Murakami Haruki's popularity extends from his native land, Japan, to the West, especially to the United States, as well as to other (East) Asian countries, such as China, Taiwan, and South Korea. In the United States, English translations of Murakami's works, mostly novels, are often produced amazingly quickly by Jay Rubin, Alfred Birnbaum, and others, and Haruki may be the most translated among contemporary Japanese authors. He is also well known, especially in Japan, as a translator of American authors, including J. D. Salinger, Raymond Carver, and F. Scott Fitzgerald, among many others. In this book, Rebecca Suter, a lecturer in Japanese studies at the University of Sydney, underscores the significance of Haruki as a "literary and cultural mediator" between Japan and the United States.

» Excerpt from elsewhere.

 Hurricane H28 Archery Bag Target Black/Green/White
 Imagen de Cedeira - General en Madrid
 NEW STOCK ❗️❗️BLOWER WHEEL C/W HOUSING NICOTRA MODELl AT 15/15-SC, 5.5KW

The book is comprised of five chapters. Chapters 1 and 2 provide a theoretical outline and examination of the reception of Murakami's works in Japan and the United States, and the last three chapters offer textual analyses of Murakami's (mainly) short stories, focusing on linguistic experiments, such as phonetic alphabets for loanwords (katakana), Western (American) elements, such as capitalistic icons and low and high culture, and "other" worlds, such as fantastic worlds.

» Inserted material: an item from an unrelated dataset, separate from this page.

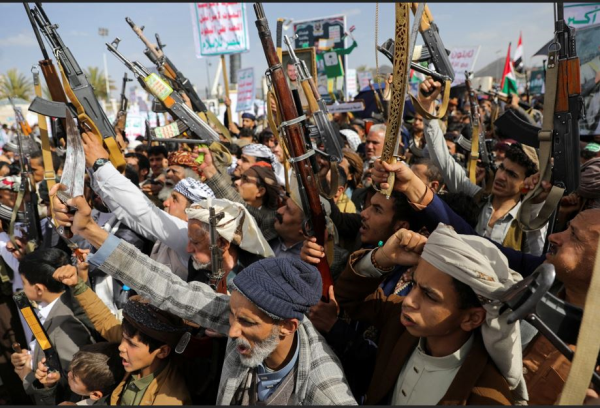 Diễn biến nóng ở Yemen, Hamas đề xuất ngừng bắn ở Gaza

In the theoretical framework, Suter compares the Western notion of modernism with imperialism and orientalism with universalism, and articulates the Japanese concept of modanizumu (modernism) in the Meiji and Taisho eras and kindaishugi (literally, "ideology of the modern") after World War II. Suter boldly situates Murakami, whose writings are often [End Page 98] labeled un-Japanese and postmodern, closer to Meiji and Taisho modanizumu writers such as Natsume Soseki and Akutagawa Ryunosuke rather than postwar kindaishugi writers such as Oe Kenzaburo, who has repeatedly noted the significance of the writer's responsibility to society, which he or she satisfies through a solid subjectivity rooted in history (this is the task of jun-bungaku, or pure literature), and lamented popular younger writers (like Murakami and Yoshimoto Banana) whose works seem to display no social commitment or responsibility for Japan's past. Suter challenges kindaishugi writers' claims, arguing that Murakami's texts address social commitment not through realism but through the fantastic and "other" worlds, underlining the power of imagination, dreams, and metaphor. Murakami's references to American and European culture in his works—from capitalistic icons (e.g., Johnny Walker) and music (classic, jazz, and pop) to high-brow thinkers (Nietzsche, Proust, Kafka, etc.)—are a deliberate attempt to defamiliarize himself by distancing himself and his work from conventional reality.

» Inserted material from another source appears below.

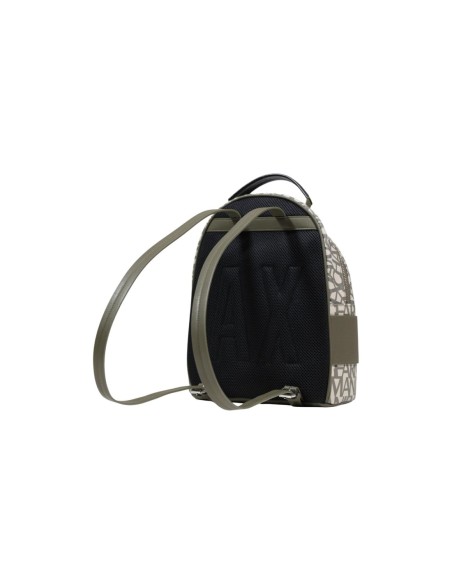Sac à dos femme beige Armani Exchange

Suter's argument is convincing since Murakami is famous as both a novelist and as a translator of Western (American) writers. The majority of Meiji writers spoke more than one language and were, first and foremost, literary and cultural mediators, introducing Western literature and thought to Japanese audiences by translating them into Japanese (e.g., Ogai's translation of German works and Futabatei Shimei's translations of Russian literature) and at the same time writing their own books. A century later, both Murakami's literary texts and his translation of American writers' works accomplish the same purpose. The translation of Murakami's texts into the languages of other (East) Asian countries and into English further extends this Japanization (or Murakaminization) of modernity.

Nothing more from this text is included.